For a second, Payton was struck by the fact that something about him looked different. She realized that like her, he had dressed more informally for the evening. Instead of his customary suit and tie, he wore an open-necked black pin-striped shirt and perfectly tailored charcoal gray pants.

It was strange, because for whatever reason, what popped into her head at that very moment were Laney’s words from the other day about how good-looking J.D. was. Payton had seen J.D. pretty much five days a week for the past eight years, but right then she found herself looking him over more closely. She tried to see him the way a stranger might. Someone who hadn’t ever actually spoken to him or anything.

He was tall (as previously mentioned, all the better to look down on people), he had light brown hair with warm golden streaks (probably highlights), his build was lean (undoubtedly from all that tennis or whatever else he played at his I’m-so-cool sexist country club), and he had blue eyes that, um . . .

. . . Well, fine. There wasn’t really anything negative Payton could say about J.D.’s eyes. Speaking in a purely objective sense, she kind of liked them. They were a brilliant, bright blue. Such a shame they had to be wasted on him.

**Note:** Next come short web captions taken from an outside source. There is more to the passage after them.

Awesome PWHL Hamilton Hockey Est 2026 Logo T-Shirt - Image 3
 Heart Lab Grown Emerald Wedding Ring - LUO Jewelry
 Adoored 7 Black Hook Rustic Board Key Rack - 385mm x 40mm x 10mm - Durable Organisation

Having finished her assessment, Payton supposed that, if pressed, in that upper-crusty, Ralph Lauren-y, sweater-thrown-over-the-shoulders, have-you-met-my-polo-pony kind of way, J.D. was pretty damn good-looking.

Misinterpreting her look, J.D. cocked his head and pointed to her phone. “Oh, I’m sorry, Payton—I didn’t mean to interrupt you in the middle of your important business,” he said with just that right tinge of mocking.

Deciding it was better to go about with the business as usual of ignoring J.D., Payton turned her attention to the group of men he had arrived with. She immediately recognized Jasper from the pictures of him she had found on the Internet while researching his company and the lawsuit.